Peneliti LIPI ini menjelaskan bahwa ada tiga kriteria yang dipakai islam moderat dari KH. Ahmad Shiddiq, attawasut, i’tidal, tawazun, dan timbahkan satu lagi tasamuh (toleran). “Konteks maknanya juga menjadi berbeda ketika dilihat dalam konteks melawan PKI dan era sekarang ini yang melihat diantara liberalisme dan Islam kanan,” ungkapnya.
Pada masa Al Ghazali Islam moderat muncul dari dua isu yanh berkembang, yaitu antar kelompok rasionalis dan tradisionalis. Islam moderat ada di tengahnya.
“Tetapi konsep Islam moderat kadang terjebak pada sikap pragmatis dan kompromis. Pilihan-pilhan yang asal kita di tengah,” terang doktor dari Universitas California USA ini.

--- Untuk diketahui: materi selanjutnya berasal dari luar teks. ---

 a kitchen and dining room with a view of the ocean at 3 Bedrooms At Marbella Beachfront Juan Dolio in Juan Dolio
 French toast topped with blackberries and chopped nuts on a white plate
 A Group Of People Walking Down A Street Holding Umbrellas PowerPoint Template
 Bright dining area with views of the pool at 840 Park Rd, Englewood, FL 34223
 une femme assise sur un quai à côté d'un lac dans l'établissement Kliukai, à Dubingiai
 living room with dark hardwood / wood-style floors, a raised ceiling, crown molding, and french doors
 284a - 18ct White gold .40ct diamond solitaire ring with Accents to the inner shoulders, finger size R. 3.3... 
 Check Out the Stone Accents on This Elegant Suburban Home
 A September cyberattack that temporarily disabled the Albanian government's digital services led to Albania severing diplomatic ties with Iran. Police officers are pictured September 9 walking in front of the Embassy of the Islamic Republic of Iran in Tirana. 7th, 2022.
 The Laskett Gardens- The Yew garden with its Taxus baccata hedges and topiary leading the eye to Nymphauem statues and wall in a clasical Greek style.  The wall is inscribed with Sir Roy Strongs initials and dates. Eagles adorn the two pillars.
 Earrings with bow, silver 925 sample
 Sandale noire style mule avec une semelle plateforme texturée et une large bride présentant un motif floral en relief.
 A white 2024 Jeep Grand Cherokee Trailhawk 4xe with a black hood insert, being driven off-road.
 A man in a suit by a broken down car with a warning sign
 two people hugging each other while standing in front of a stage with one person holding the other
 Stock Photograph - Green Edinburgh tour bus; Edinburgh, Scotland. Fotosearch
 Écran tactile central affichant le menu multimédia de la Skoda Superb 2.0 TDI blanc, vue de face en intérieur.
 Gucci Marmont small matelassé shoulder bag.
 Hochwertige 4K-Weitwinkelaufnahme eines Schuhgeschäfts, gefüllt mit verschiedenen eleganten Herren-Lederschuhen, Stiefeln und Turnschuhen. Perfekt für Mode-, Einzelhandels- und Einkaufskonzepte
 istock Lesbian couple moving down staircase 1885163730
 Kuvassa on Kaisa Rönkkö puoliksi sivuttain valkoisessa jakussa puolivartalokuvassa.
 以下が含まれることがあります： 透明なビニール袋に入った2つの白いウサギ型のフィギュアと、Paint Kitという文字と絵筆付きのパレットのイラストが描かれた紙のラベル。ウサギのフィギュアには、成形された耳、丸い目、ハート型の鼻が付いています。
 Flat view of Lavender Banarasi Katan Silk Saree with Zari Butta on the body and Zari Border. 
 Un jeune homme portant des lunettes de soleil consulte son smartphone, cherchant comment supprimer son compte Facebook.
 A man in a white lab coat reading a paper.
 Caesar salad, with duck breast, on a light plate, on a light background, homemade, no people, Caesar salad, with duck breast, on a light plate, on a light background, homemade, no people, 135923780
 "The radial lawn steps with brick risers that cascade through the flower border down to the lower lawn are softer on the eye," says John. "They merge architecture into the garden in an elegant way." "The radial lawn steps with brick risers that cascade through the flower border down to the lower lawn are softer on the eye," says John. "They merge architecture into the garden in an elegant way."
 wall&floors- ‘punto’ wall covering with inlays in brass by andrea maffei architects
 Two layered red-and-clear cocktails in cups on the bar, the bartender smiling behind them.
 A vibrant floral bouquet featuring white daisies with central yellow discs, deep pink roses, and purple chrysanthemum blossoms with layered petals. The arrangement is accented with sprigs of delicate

“Karena itu saya mencoba melihat ummatan wasathan menurut KH Ahmad Shiddiq dengan pendekatan yang disampaikan oleh Michel Foucault. Bahwa yang dimaksud moderat itu bukan hanya ditengah, tapi kemampuan untuk mengontrol sifat nafsu yang berlebihan. Kemampuan mengontrol dua ekstrim nafsu yang ada di dalam jiwa manusia.”
“Inilah mengapa Kiai Ahmad Shiddiq ini menggunakan istilah tawassuth dikombinasikan dengan i’tidal dan tawazun,” imbuhnya.
Dalam konteks ahlussunnah wal jamaahnya NU, moderat islam ini mengacu pada aqidah asy’ariyyah. Di sini moderat islam ada pada doktrin takdir, bahwa ada peran manusia dan ada kontrol Tuhan. “Inilah posisi tengah dalam konteks teologi Asy’ari,” tuturnya.
Kemudian dalam fikih, moderatnya ada pada penekanan attasamuh. Sedangkan dalam tasawuf, penekannya ada pada tasawuf al Ghazali yang berbeda dari Ibnu Taimiyyah, atau tasawuf model Hamka.
Sekarang, menurut Najib, yang digunakan sebagai kriteria apakah seseorang berada dalam moderatisme Islam adalah mengacu pada posisinya terhadap negara Islam, implementasi Syariat Islam, dan terorisme.
“Jika anda tidak setuju dengan hal tersebut, anda bisa dikatakan sebagai moderat. Ini yang terjadi sekarang,” katanya.
Tetapi, lanjut Najib, moderat islam di Indonesia masih ambigu dalam konteks menhikapi isu ahmadiyah, LGBT, dan pornografi. Ia mengatakan “Dalam hal ini kelompok yang sering sebut NKRI harga mati, sering katakan hubbul wathan minal iman, bisa bergabung dengan islam garis keras.”
“Ini seakan menjadi common undestanding pada masyarakat Islam Indonesia bahwa yang moderat itu yang mendukung NKRI” pungkasnya.
Sedangkan Zainul Milal menambahkan dengan mengutip dawuhnya mbah Hasyim Asy’ari yang mengatakan “jangan fanatik”. “..tetapi juga harus militan. Fikih kenegaraannya, ketika dalam kondisi melawan penjajah, kita harus militan berjihad.
Gus Milal, sapaan akranya, menganogikan dengan posisi hadirnya Islam ditengah agama Yahudi yang militan dan nasrani yang lembut kasih sayang. “Islam agama yang penuh kasih sayang, tetapi juga perkasa dan militan,” katanya.
“Yang terpenting adalah bagaimana bisa mengontrol diri dari sikap fanatis, sikap merasa paling benar sendiri. Untuk menjadi seperti ini perlu keterbukaan dan ilmu yang luas”, tegasnya. (Damar).